▶ **ACTION ITEM**:
Copying rule for the data below: take the line containing "怎样建设露台池塘—既有现代化的感官,又能节省空间?_植物" and every line after it to the end, exactly, and drop all pictures.

─── INFORMATION PROVIDED ───

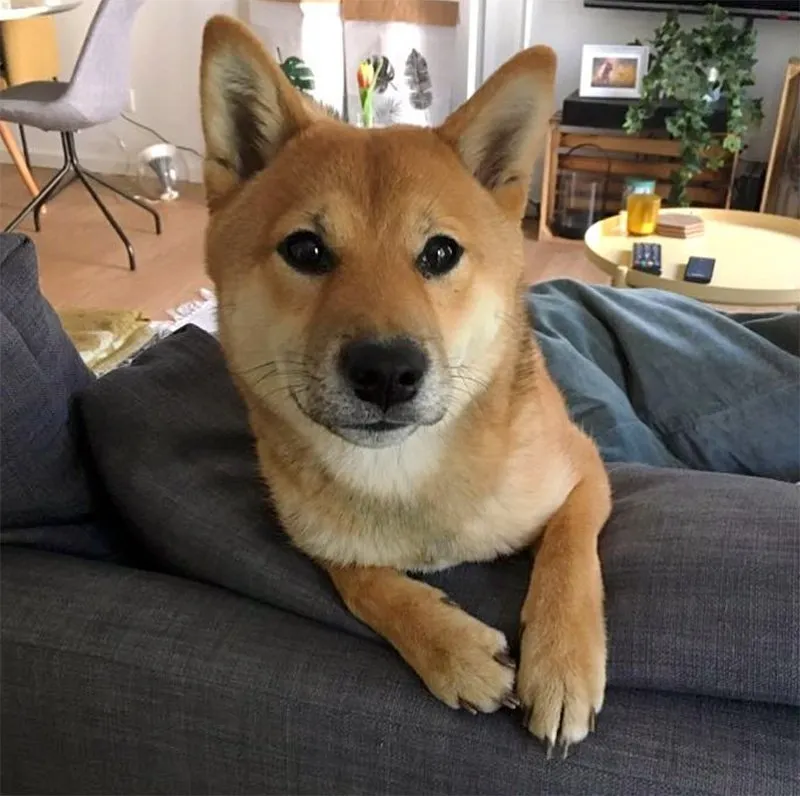 Shiba Yoshi mit 10 Monaten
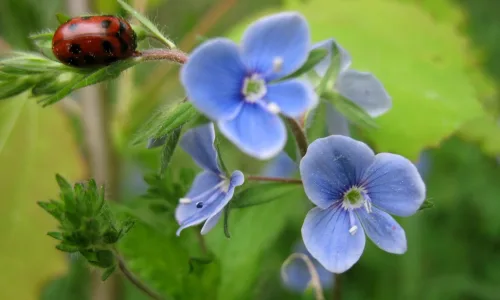 【12381】植物壁纸  2K 高清壁纸2560_1600@青蛙壁纸-笨猫小站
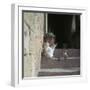Kittens in Rhodes Old Town-CM Dixon-Framed Photographic Print
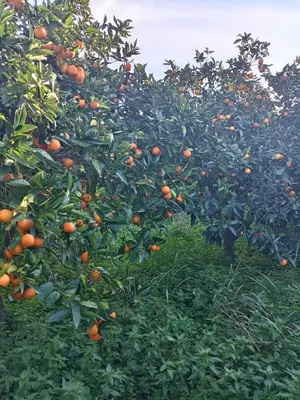 an orange tree filled with lots of oranges at Villetta San Giovanni in Calatafimi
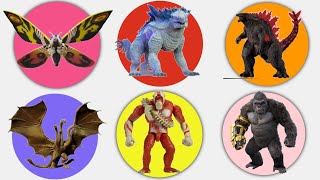 Godzilla Evolved Shimo King Kong Skar King Mothra Ghidorah  Spin Wheel Game [upl. by Notfol]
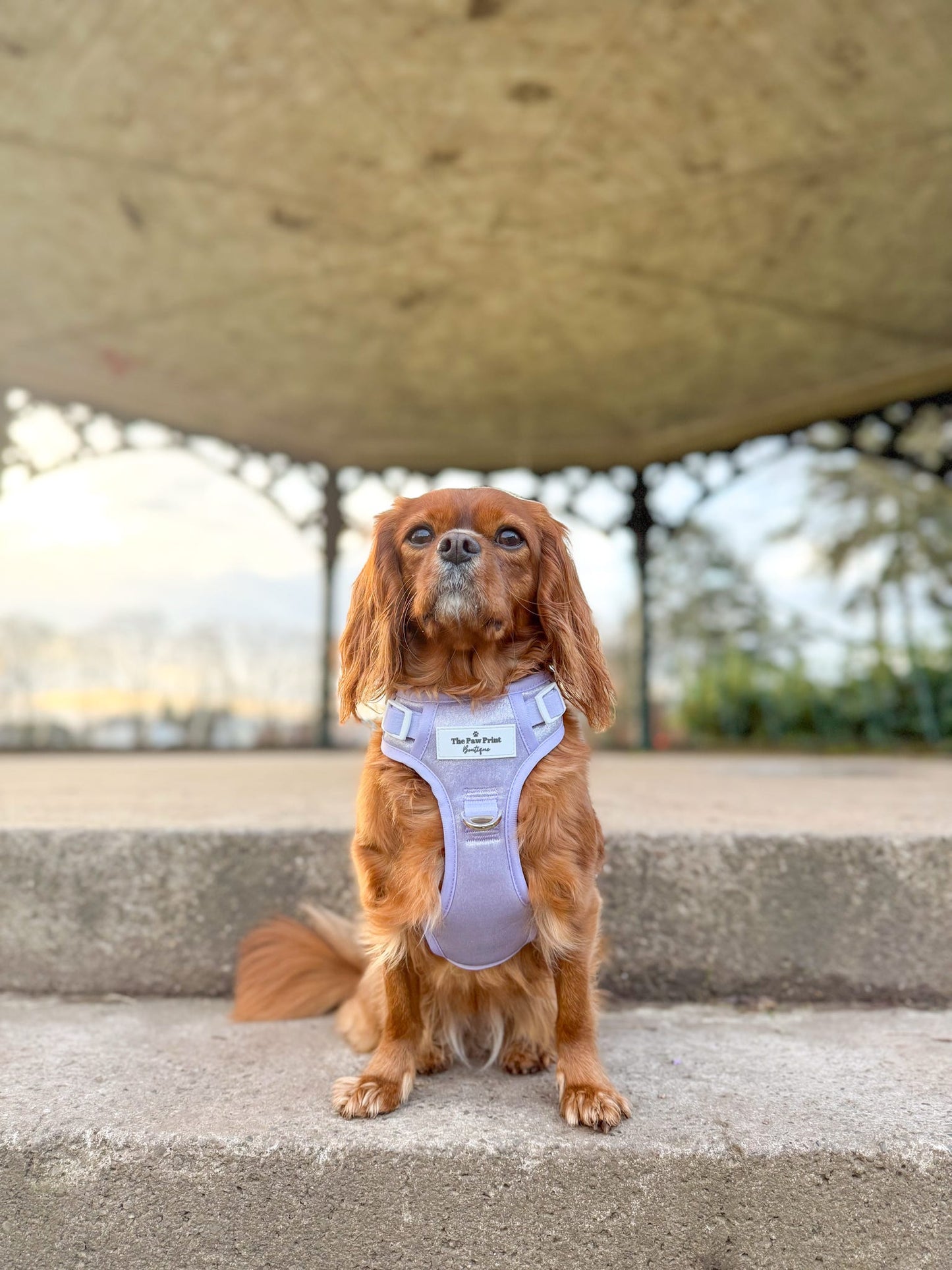 The Lavish Lilac Adventure Paws Harness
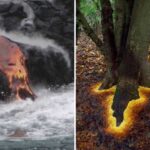 22 Scientific Photos that are Hard to believe but are indeed Real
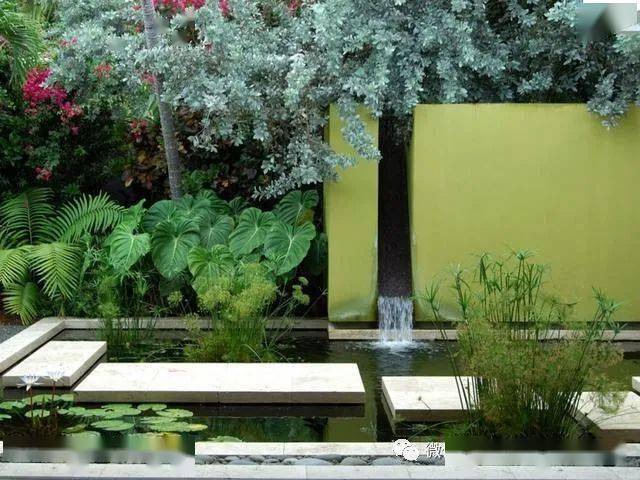 怎样建设露台池塘—既有现代化的感官,又能节省空间?_植物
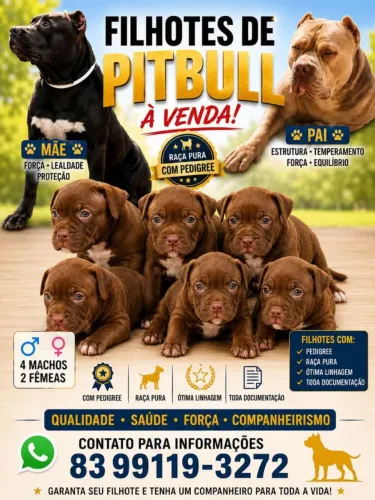 Filhotes de Pitbull Monstro com pedigree, raça Pura. Interessados chamar no WhatsApp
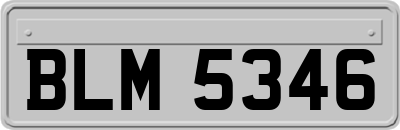 BLM5346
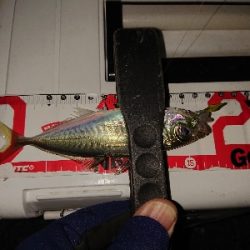 漁港のランガン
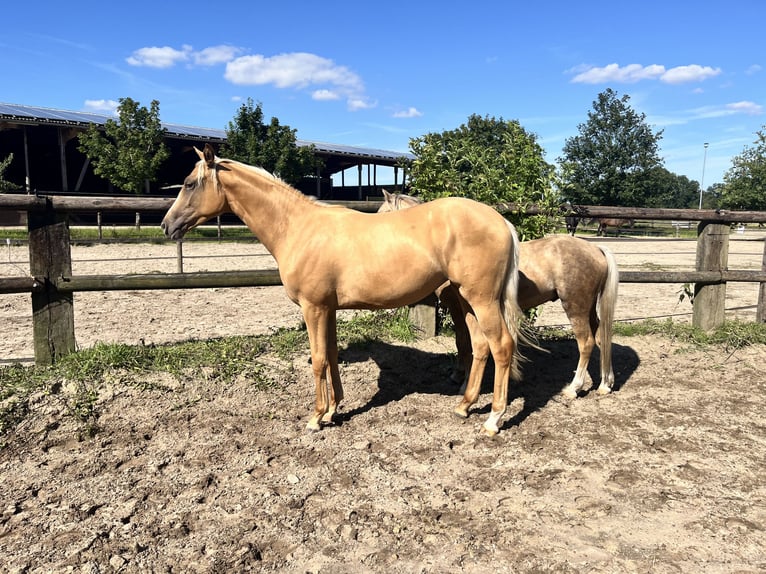 Westfaal Merrie 1 Jaar 168 cm Palomino in Hamburg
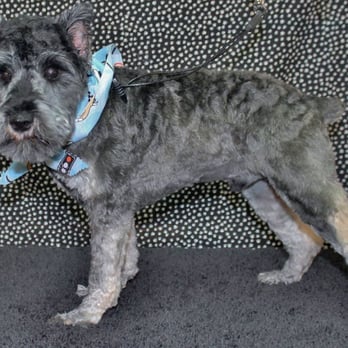 Gorgeous Grooming Ranch - Pet Groomers Near Me - Justin, Texas Gorgeous Grooming Ranch - Pet Groomers Near Me - Justin, Texas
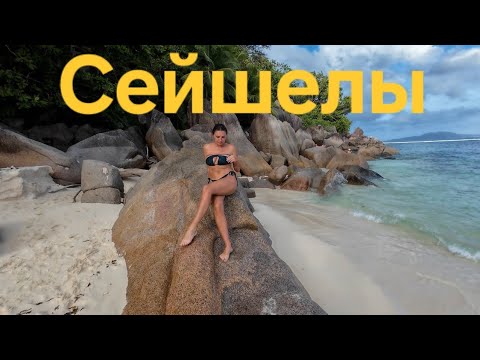 Видео: Лучшая рыбалка на Сейшелах. Путешествия на катамаране с семьей. Яхтинг в Индийском океане.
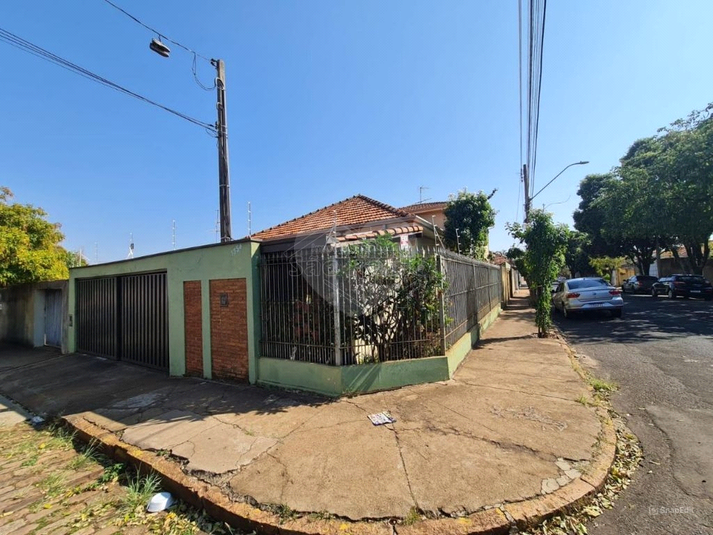 Foto REO1134987
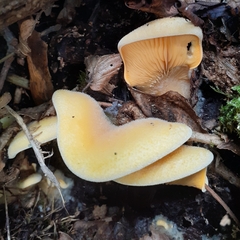 Phyllotopsis nidulans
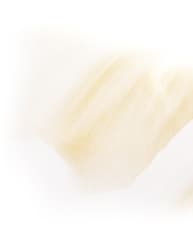 Shiseido Vital Perfection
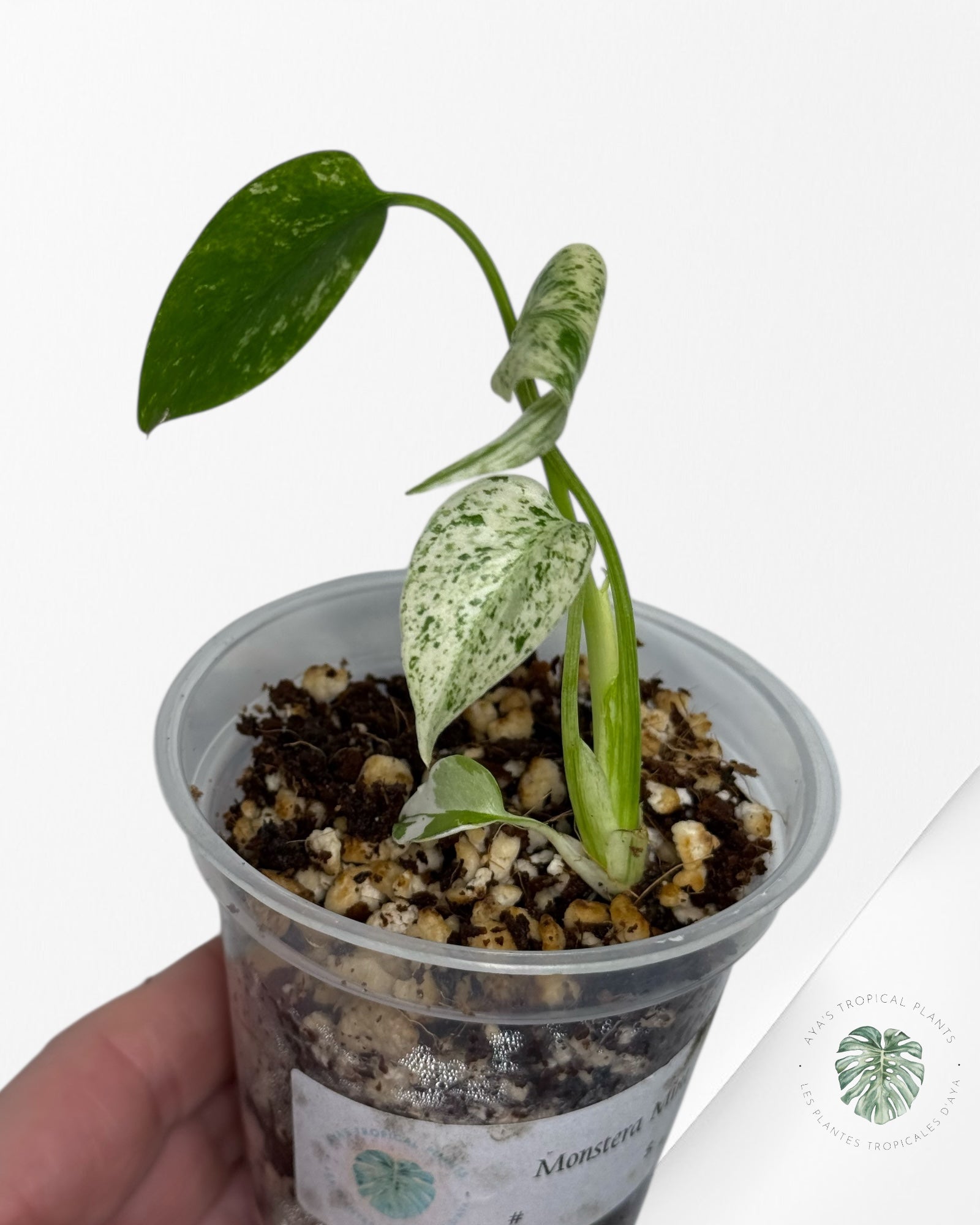 Monstera Mint| Rare TC Plant | Aya's Tropical Plants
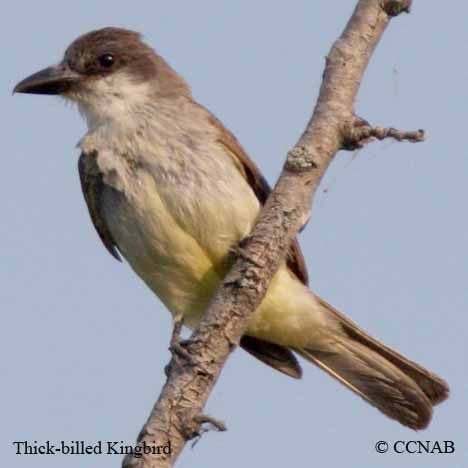 Thick-billed Kingbird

───

▶ **ANSWER TO THE PROBLEM**:
 怎样建设露台池塘—既有现代化的感官,又能节省空间?_植物
 Filhotes de Pitbull Monstro com pedigree, raça Pura. Interessados chamar no WhatsApp
 BLM5346
 漁港のランガン
 Westfaal Merrie 1 Jaar 168 cm Palomino in Hamburg
 Gorgeous Grooming Ranch - Pet Groomers Near Me - Justin, Texas Gorgeous Grooming Ranch - Pet Groomers Near Me - Justin, Texas
 Видео: Лучшая рыбалка на Сейшелах. Путешествия на катамаране с семьей. Яхтинг в Индийском океане.
 Foto REO1134987
 Phyllotopsis nidulans
 Shiseido Vital Perfection
 Monstera Mint| Rare TC Plant | Aya's Tropical Plants
 Thick-billed Kingbird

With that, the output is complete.